[Start of Attachment]

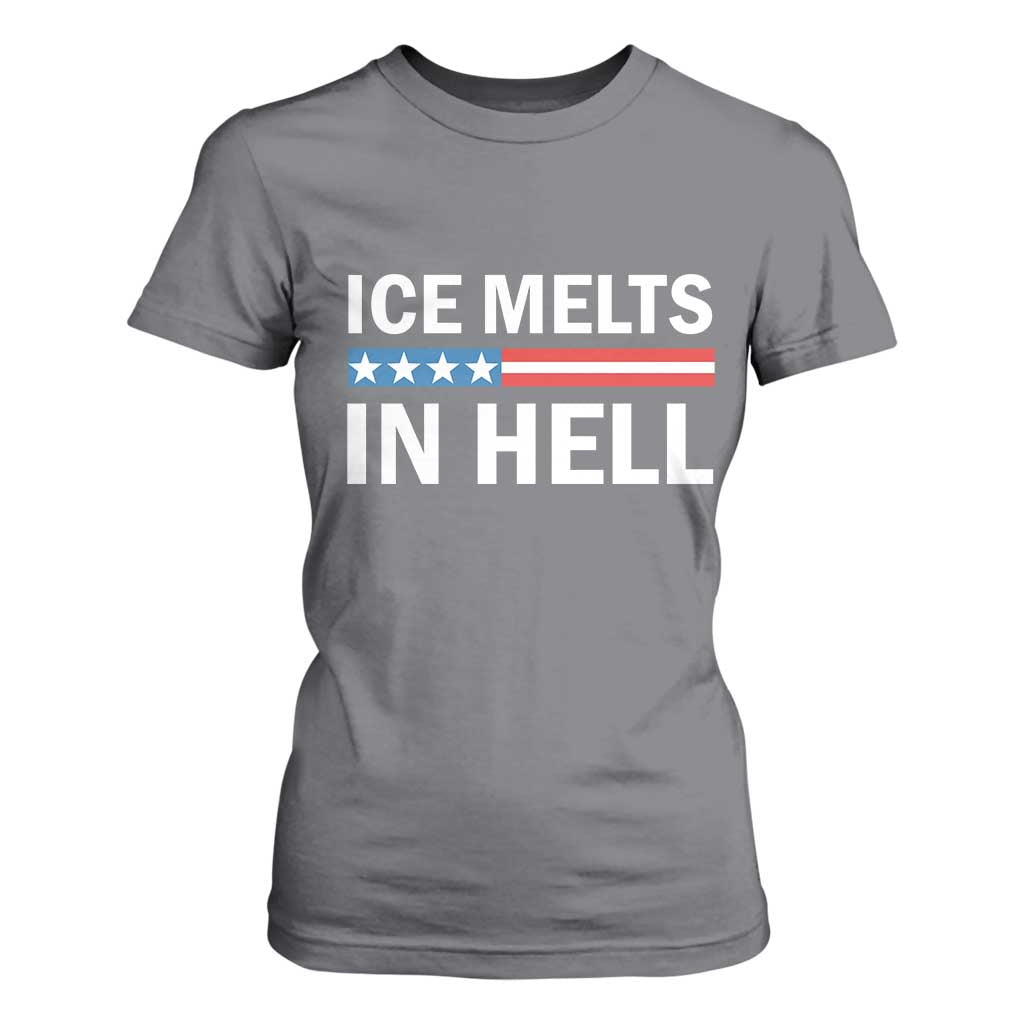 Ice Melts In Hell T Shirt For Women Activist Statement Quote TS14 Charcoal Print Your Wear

[End of Attachment]
[Start of Attachment]

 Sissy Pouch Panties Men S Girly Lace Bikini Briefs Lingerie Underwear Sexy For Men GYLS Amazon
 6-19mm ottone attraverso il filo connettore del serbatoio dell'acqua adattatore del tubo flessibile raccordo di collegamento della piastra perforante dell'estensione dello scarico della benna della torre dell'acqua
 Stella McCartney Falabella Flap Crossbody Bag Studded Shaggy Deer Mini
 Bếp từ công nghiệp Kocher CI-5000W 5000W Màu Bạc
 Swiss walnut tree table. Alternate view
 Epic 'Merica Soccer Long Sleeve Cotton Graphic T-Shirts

[End of Attachment]
[Start of Attachment]

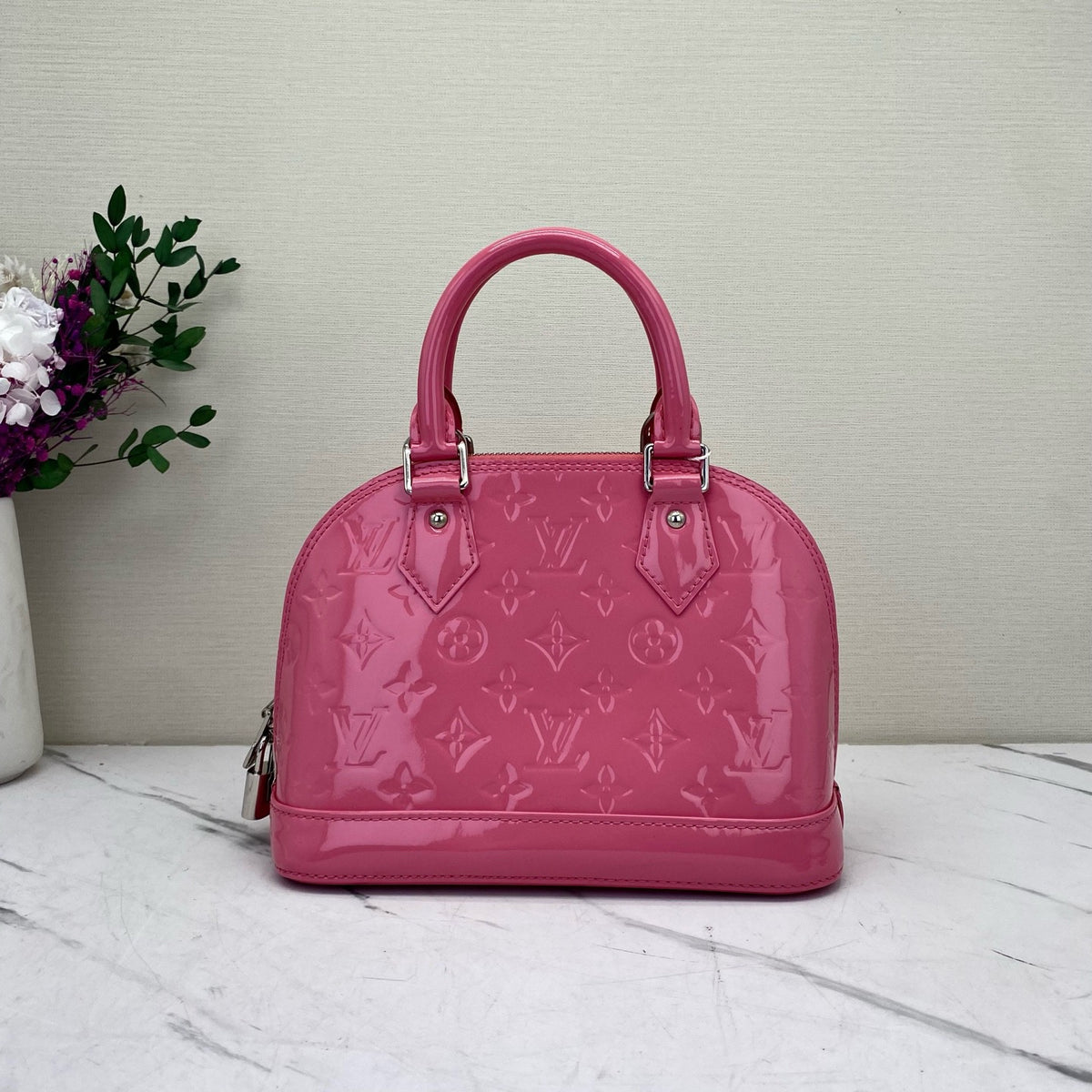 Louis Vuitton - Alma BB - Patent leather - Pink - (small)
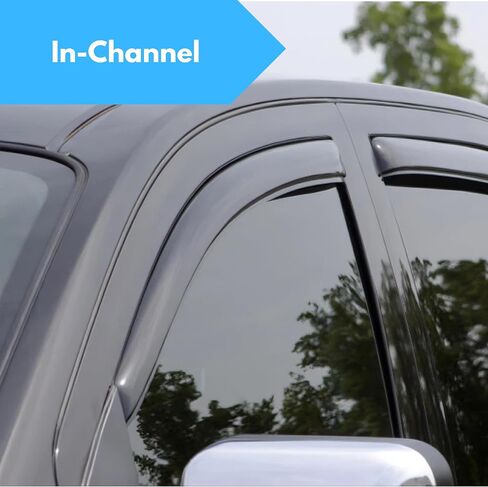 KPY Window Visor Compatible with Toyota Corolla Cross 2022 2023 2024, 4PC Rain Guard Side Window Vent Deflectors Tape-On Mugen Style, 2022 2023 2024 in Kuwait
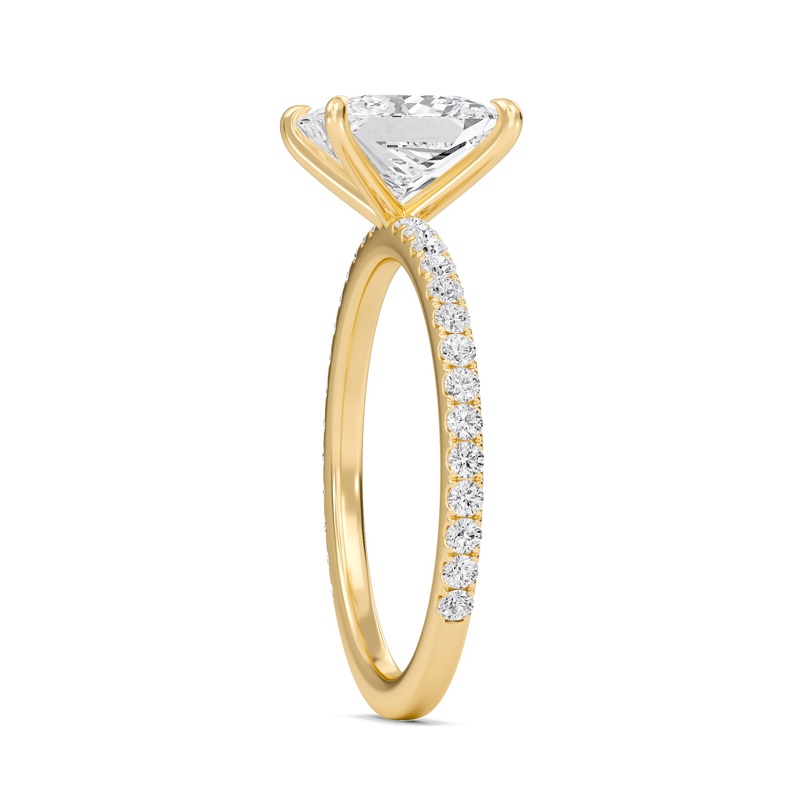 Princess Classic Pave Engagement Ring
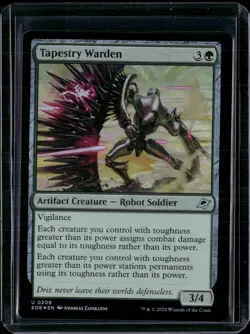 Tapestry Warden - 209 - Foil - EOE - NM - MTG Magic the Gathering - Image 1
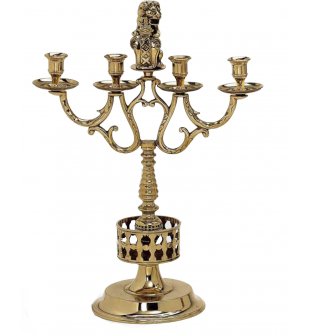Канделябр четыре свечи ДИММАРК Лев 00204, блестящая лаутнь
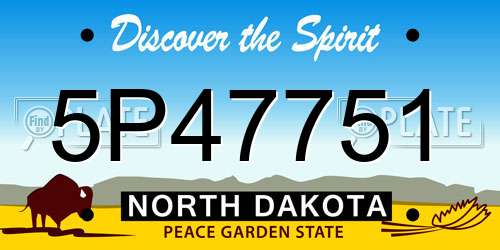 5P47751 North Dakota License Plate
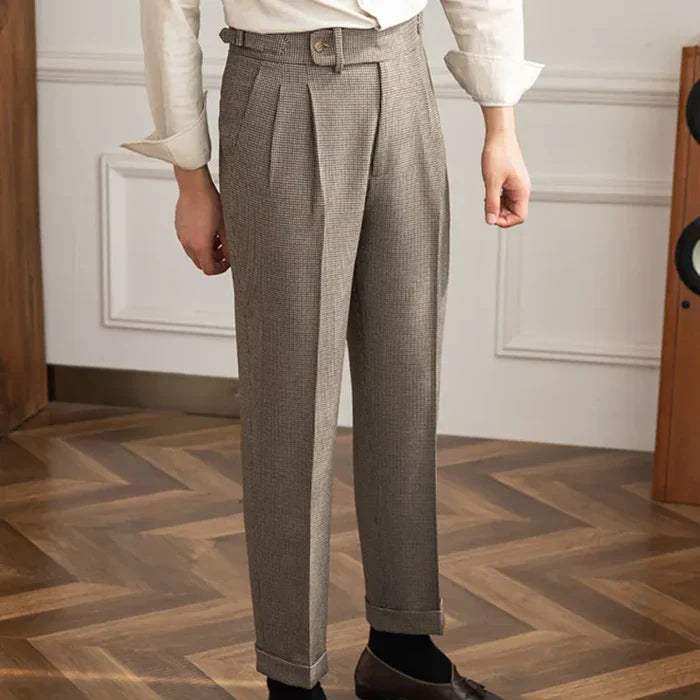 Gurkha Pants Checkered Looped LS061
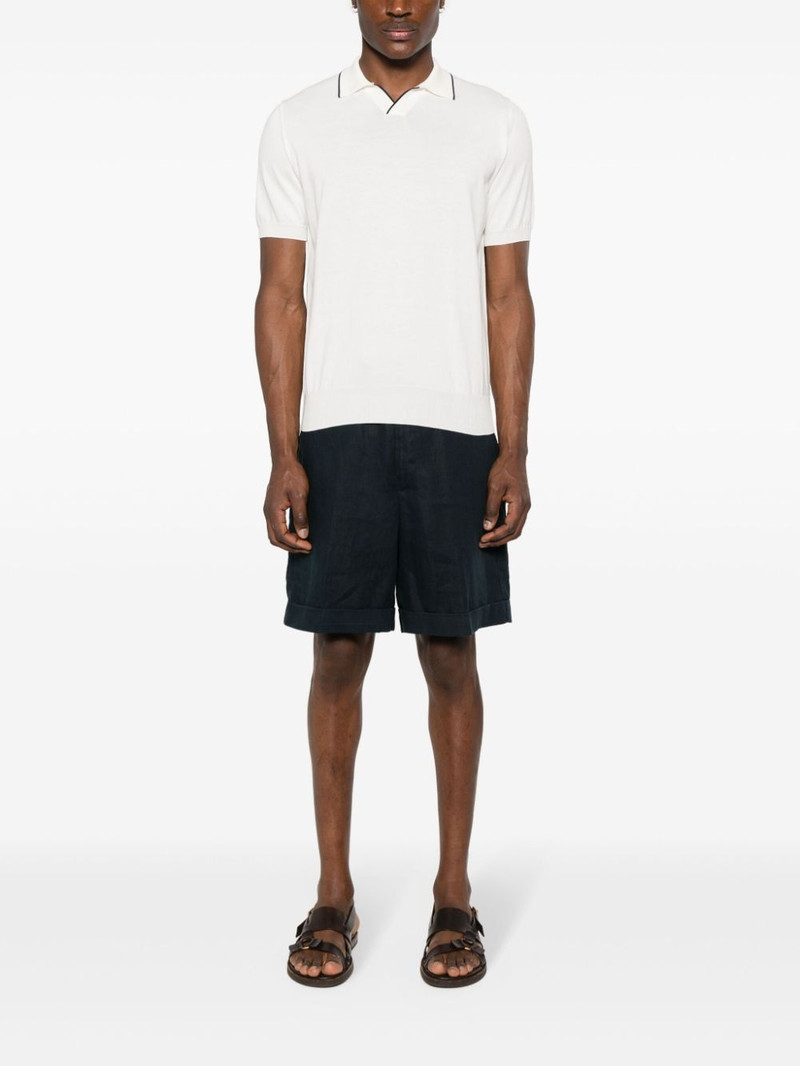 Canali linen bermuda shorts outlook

[End of Attachment]

In the listing above, find the line containing "Princess Classic Pave Engagement Ring". Output it and every line after it up to and including the line containing "Canali linen bermuda shorts outlook", exactly, but skip the pictures.

• [Result of the exercise]
 Princess Classic Pave Engagement Ring
 Tapestry Warden - 209 - Foil - EOE - NM - MTG Magic the Gathering - Image 1
Канделябр четыре свечи ДИММАРК Лев 00204, блестящая лаутнь
 5P47751 North Dakota License Plate
 Gurkha Pants Checkered Looped LS061
 Canali linen bermuda shorts outlook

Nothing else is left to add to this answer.